INPUT DATA =>

=====

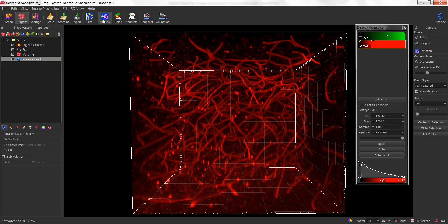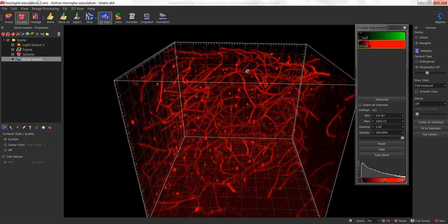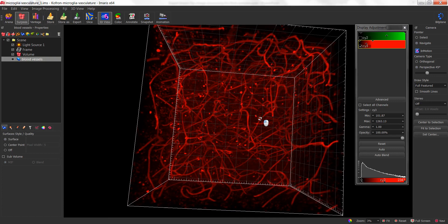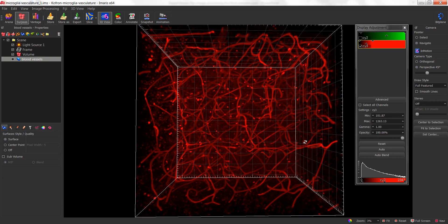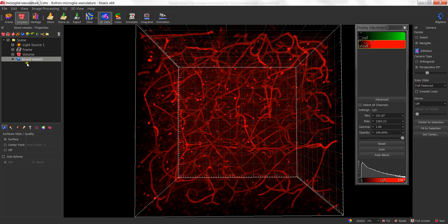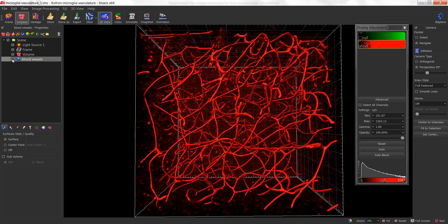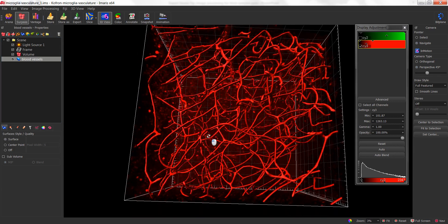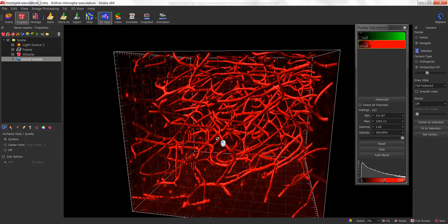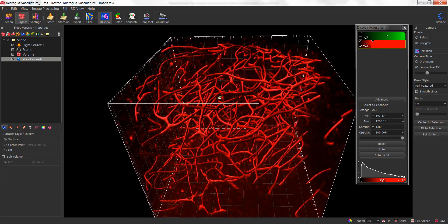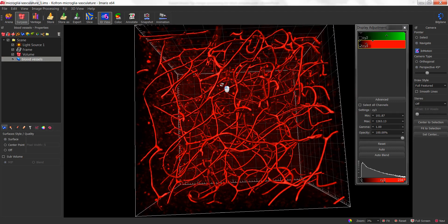The next image processing function I'm going to show you is a masking function, and this can help us to get rid of the background information and make it easier to visualize and analyze the blood vessels. The first thing we need to do is create a surface that represents the objects of interest — in our case, the blood vessels. Here is a surface I've created for the blood vessels. Remember, attenuation correction will make it easier to threshold a surface throughout the z-axis, and it's very important to implement a filter within your surface creation to get rid of the background debris or signal you're not interested in.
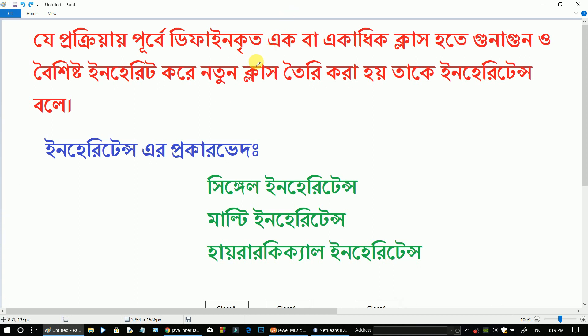I am covering inheritance in my class. Inheritance is a key part of object-oriented programming. In object-oriented programming we have inheritance, polymorphism, data abstraction, and encapsulation.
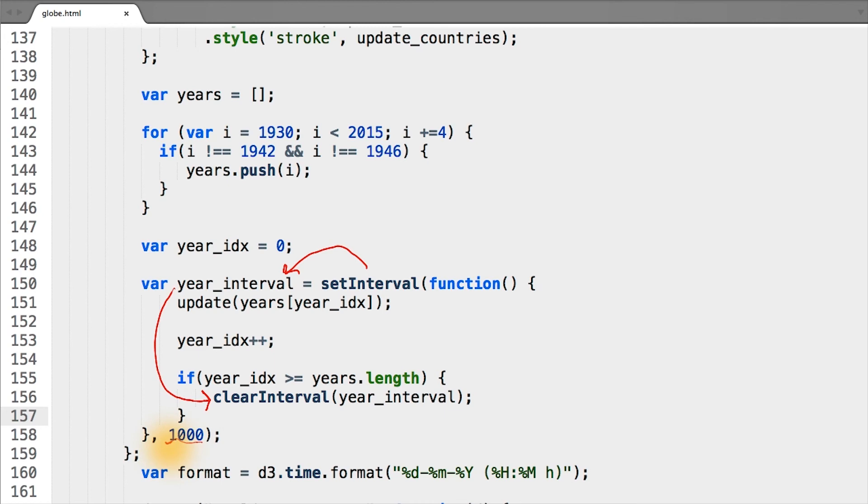And now let's save our file and go back to our browser and see how our map animates.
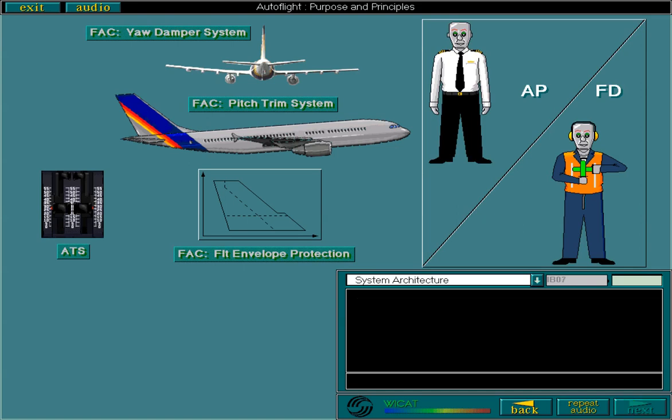Although together these systems form the AFS, they are actually separate systems and capable of independent operation.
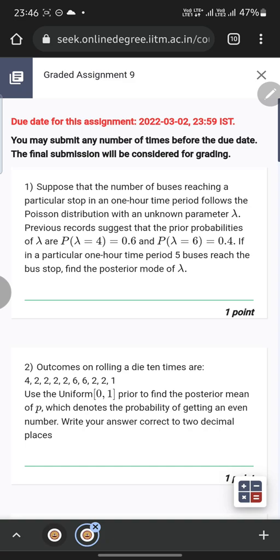Hi everyone, today we will be doing Stats 2 graded assignment for week 9. The first question: suppose that the number of buses reaching a particular stop in a one-hour time period follows a Poisson distribution with a parameter lambda which is unknown. Previous records suggest the prior probabilities are P(lambda=4) = 0.6 and P(lambda=6) = 0.4. If five buses reach the bus stop in a one-hour time period, find the posterior mode of lambda.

=====

DIRECTIONS => Your answer must be the lines from the line containing "Although together these" through the final line of the data, written out exactly, both ends included and pictures left out.

ANSWER SPACE =>
Although together these systems form the AFS, they are actually separate systems and capable of independent operation.
Hi everyone, today we will be doing Stats 2 graded assignment for week 9. The first question: suppose that the number of buses reaching a particular stop in a one-hour time period follows a Poisson distribution with a parameter lambda which is unknown. Previous records suggest the prior probabilities are P(lambda=4) = 0.6 and P(lambda=6) = 0.4. If five buses reach the bus stop in a one-hour time period, find the posterior mode of lambda.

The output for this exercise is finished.